***** Available records *****

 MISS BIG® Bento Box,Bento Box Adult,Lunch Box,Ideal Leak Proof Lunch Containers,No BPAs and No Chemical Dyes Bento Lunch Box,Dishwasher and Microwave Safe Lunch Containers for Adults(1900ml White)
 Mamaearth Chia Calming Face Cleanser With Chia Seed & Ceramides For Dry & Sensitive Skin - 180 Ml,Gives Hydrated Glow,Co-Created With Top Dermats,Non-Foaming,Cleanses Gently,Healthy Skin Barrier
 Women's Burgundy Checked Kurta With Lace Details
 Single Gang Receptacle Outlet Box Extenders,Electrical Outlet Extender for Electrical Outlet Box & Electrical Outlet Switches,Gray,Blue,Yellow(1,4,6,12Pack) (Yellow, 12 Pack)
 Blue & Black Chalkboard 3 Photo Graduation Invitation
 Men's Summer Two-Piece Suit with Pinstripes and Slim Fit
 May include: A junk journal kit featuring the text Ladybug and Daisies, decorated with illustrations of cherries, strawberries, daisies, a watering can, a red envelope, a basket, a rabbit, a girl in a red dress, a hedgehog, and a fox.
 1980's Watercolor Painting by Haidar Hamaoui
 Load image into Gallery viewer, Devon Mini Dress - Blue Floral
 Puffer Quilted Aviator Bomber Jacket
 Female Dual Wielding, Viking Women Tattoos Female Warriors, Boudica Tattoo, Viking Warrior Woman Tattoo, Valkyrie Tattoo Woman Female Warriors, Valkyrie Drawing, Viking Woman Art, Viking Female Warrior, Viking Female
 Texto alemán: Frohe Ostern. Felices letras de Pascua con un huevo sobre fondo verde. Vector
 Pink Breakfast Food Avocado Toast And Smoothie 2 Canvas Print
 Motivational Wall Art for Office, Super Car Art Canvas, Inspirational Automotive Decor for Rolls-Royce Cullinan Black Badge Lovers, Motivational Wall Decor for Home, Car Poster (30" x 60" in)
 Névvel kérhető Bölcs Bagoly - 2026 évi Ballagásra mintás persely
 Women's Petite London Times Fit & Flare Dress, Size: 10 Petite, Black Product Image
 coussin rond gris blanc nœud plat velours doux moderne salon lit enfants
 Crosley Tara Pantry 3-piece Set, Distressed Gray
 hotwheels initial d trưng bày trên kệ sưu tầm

*****

● About this exercise
Your answer must be the line holding "Crosley Tara Pantry" and every later line of the entries above, written out exactly, and nothing else.

● Result below
 Crosley Tara Pantry 3-piece Set, Distressed Gray
 hotwheels initial d trưng bày trên kệ sưu tầm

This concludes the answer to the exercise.